1

My task is to:

  1. generate a list of unique combinations where each combination has a certain length (var com_len) and contains values (ints) from the given list (var values),
  2. each combination is created by taking random values from the given list (randomness is very important!),
  3. each combination must have unique values inside, no value can be repeated inside the combination,
  4. values in the combination must be sorted,
  5. appearance of each value within the whole combinations' set is counted (var counter),
  6. each value must appear in the whole dataset as close to the given number of times as possible (var counter_expected). "as close as possible" means, count each appearing value as the script goes and if there are no more combinations left to create, just end the script.

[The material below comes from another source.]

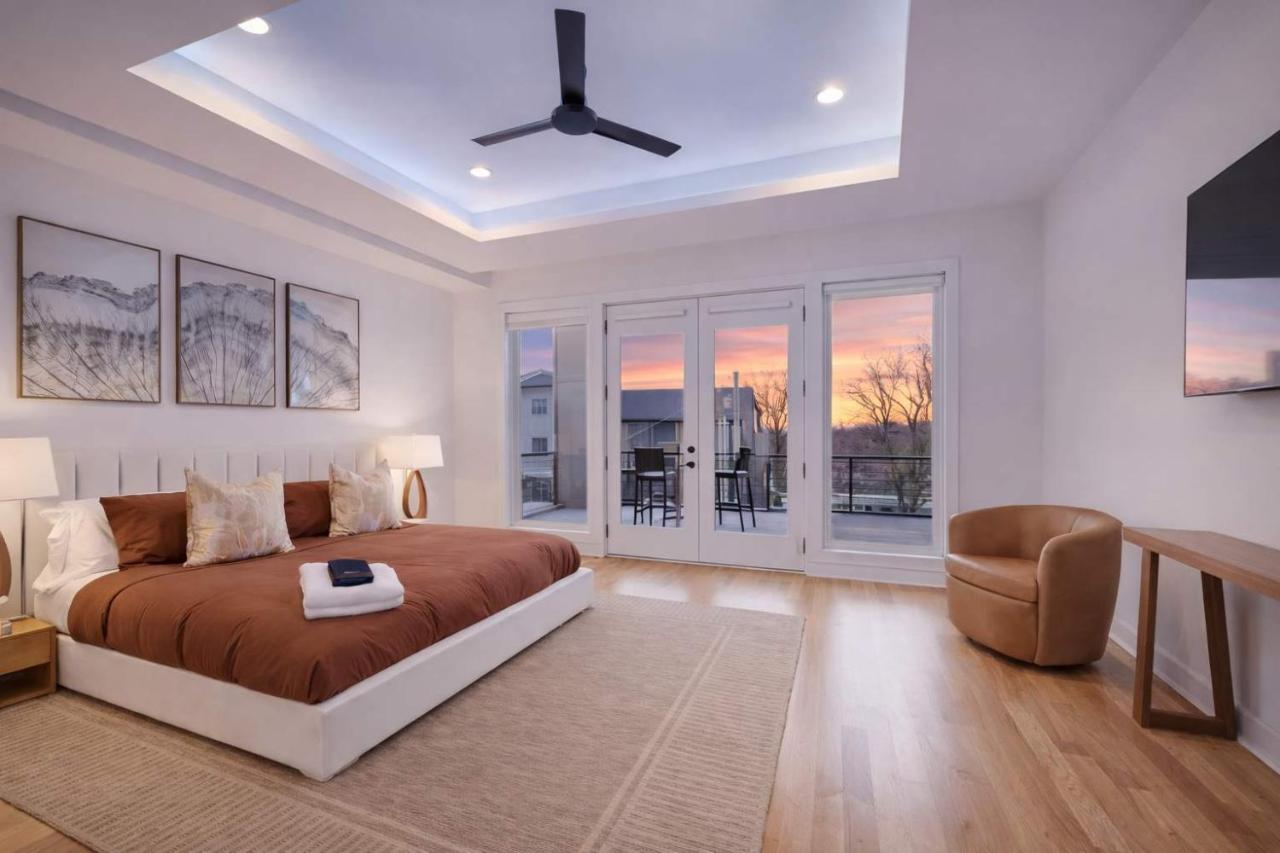 Stylish Multi-Level Retreat Rooftop & Pool Table - 2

For example, I need to generate a list of combinations where each combination has a length of 3, has unique sorted values inside, each value is from the range(256) and each value appears in all of the combinations generated so far as close to 100 times as possible.

My problem is, how efficiently detect there are no more unique combinations of the values that can be created to stop the loop.

The problem appears when the script is going to an end and there still are available values left and len(available_values) > com_len but it isn't possible to create any new unique combinations that haven't appeared yet.

The code created so far:

import numpy as np
import random

com_len = 3
length = 256
counter = np.zeros(length)
values = range(length)
exclude_values = []
counter_expected = 100
done = []

mask = np.ones(len(np.array(values)), np.bool)
mask[exclude_values] = False
available_values = set(values) - set(exclude_values)
available_values = list(available_values)

ii = 0
while True:
    """print progress"""
    ii = ii + 1
    if not ii % 1000: print('.', end='')

    #POSSIBLE CONDITION HERE
    ex = random.sample(available_values, k=com_len)
    ex.sort()
    if ex in done: continue
    done.append(ex)

    counter[ex] = counter[ex] + 1

    for l_ in ex:
        if counter[l_] == counter_expected:
            del available_values[available_values.index(l_)]

    if len(available_values) < com_len:break

    if all(counter[mask] == counter_expected): break
    #OR HERE

NOTE: The script usually ends successfully because either len(available_values) < com_len or all(counter[mask] == counter_expected) condition breaks the While loop. Try running the script several times and at some point, you'll observe the script going into an infinite loop as len(available_values) >= com_len but there are no more new unique conditions available to be created so the counter is not increasing.

I need an efficient condition to stop the script. Using itertools.combinations here is not an option because available_values list may be long, i.e. 10k elements, at the beginning.

The brute-force would be using itertools.combinations when len(available_values) reaches a certain level and checking if there are any combinations that haven't been created yet but it's an ugly solution.

There might be a better way which doesn't come up to me but may to you. I'll be grateful for your help.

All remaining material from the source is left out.